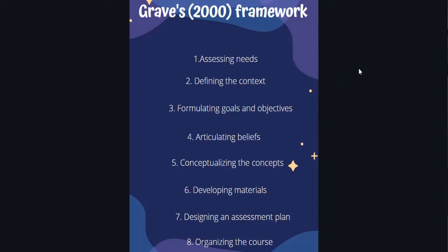Then formulating goals and objectives, because obviously adults and children, they are not going to learn maybe the same way or the same things or same vocabulary. Then articulating beliefs, because that's how you're going to approach the content of the class and their students, like the way you're going to be teaching them. Conceptualizing the concepts and developing the materials, I think that goes hand in hand.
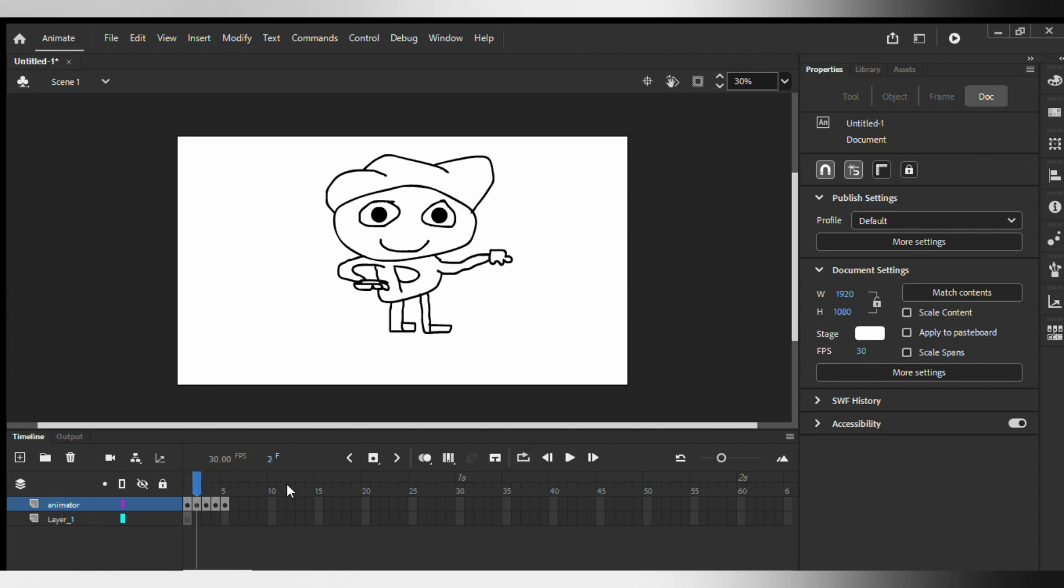And so yeah, that's how you animate frame by frame in Adobe Animate. I hope you guys enjoyed this tutorial and if you did, please smash the like button, subscribe if you're new to the channel or if you love my videos, and I'll see you guys in the next one. Goodbye.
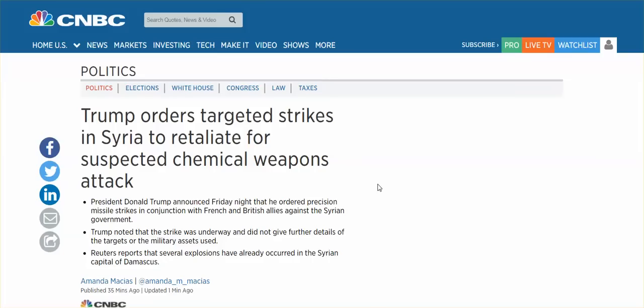For suspected chemical weapons attack. This guy is so unbelievably disgusting. I don't care that he's a puppet and following orders. Our nation is vile. Our nation is so unbelievably evil. It is sickening.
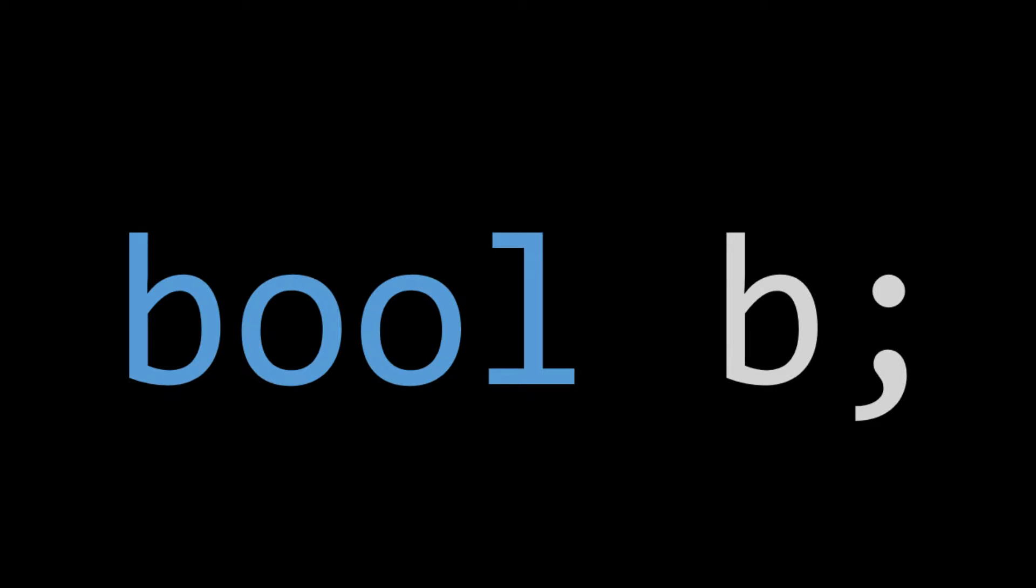What's up everybody, it's CodingJesus, and in today's video we're going to be talking about a very fundamental data type, Boolean. So without further ado, let's jump into Boolean.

################

REQUIRED ACTION:
Every line of the data is to be transcribed exactly, and no picture is to be included.

EXERCISE RESULT:
Then formulating goals and objectives, because obviously adults and children, they are not going to learn maybe the same way or the same things or same vocabulary. Then articulating beliefs, because that's how you're going to approach the content of the class and their students, like the way you're going to be teaching them. Conceptualizing the concepts and developing the materials, I think that goes hand in hand.
And so yeah, that's how you animate frame by frame in Adobe Animate. I hope you guys enjoyed this tutorial and if you did, please smash the like button, subscribe if you're new to the channel or if you love my videos, and I'll see you guys in the next one. Goodbye.
For suspected chemical weapons attack. This guy is so unbelievably disgusting. I don't care that he's a puppet and following orders. Our nation is vile. Our nation is so unbelievably evil. It is sickening.
What's up everybody, it's CodingJesus, and in today's video we're going to be talking about a very fundamental data type, Boolean. So without further ado, let's jump into Boolean.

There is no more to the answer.